Missouri Joins 21 States Fighting Against EPA Rule Changes On Coal/Gas/Oil Power Plants

Missouri Attorney General Andrew Bailey’s office has joined a 21-state coalition opposing the Environmental Protection Agency’s proposed rule to impose stringent emissions standards on existing coal, natural gas and oil-fired power plants.

Bailey issued a statement, Wednesday, saying the E-P-A’s action violates the Supreme Court’s decision in the “West Virgina versus E-P-A” case that ruled that Congress has not authorized the E-P-A to remake electricity grids.

Bailey also says the E-P-A’s proposed rule is nothing more than government overreach and an effort by President Biden to unconstitutionally push his radical climate agenda on Missouri power plants.

 

Full Release:

Missouri Attorney General Andrew Bailey announced today that his office joined a 21-state coalition opposing the Environmental Protection Agency’s (EPA) proposed rule that would impose stringent emissions standards on existing coal-, natural gas- and oil-fired power plants. The rule ignores last year’s rebuke from the United States Supreme Court in West Virginia v. EPA, which held that the EPA cannot implement a narrow regulatory provision to force coal-fired power plants into retirement en masse.

“I will always fight to combat government overreach, and that includes pushing back against Joe Biden’s attack on Missouri’s power plants,” said Attorney General Bailey. “The EPA does not have the constitutional authority to circumvent Congress and enact Biden’s radical climate agenda. Missouri’s fighting back.”

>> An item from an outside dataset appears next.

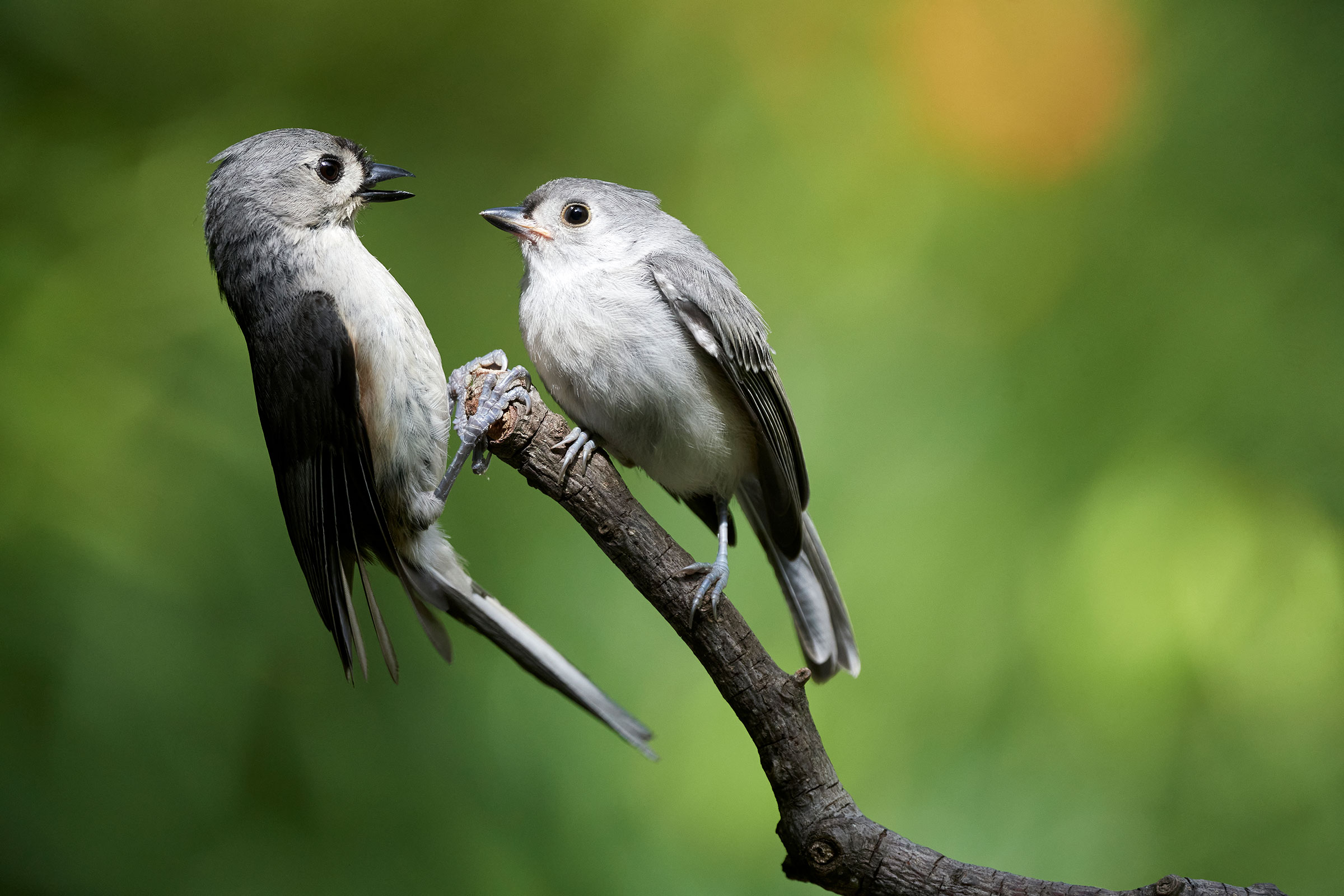 Tufted Titmouse - Adult with juvenile, photo by Corby Amos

In the letter to Biden’s EPA, Attorney General Bailey and the other states assert that the proposal violates the Supreme Court’s decision in West Virginia v. EPA because Congress has not authorized the EPA to remake electricity grids. The agency cannot sidestep Congress to exercise broad regulatory power that would radically transform the nation’s energy grids—and force states to fundamentally shift their energy portfolios away from fossil fuel-fired generation.

The attorneys general note that “States have invested broadly in renewable energy, but the Proposed Rule might make it challenging to ‘get credit’ for those gains.  So States the country over will have to realign their energy regulation plans, some several decades out.  This rearrangement will cause major and long-term inefficiencies.”

Joining Missouri in sending the letter are Alabama, Arkansas, Georgia, Idaho, Indiana, Iowa, Kentucky, Louisiana, Mississippi, Montana, Nebraska, New Hampshire, Ohio, Oklahoma, South Carolina, South Dakota, Texas, Utah, Virginia, and West Virginia.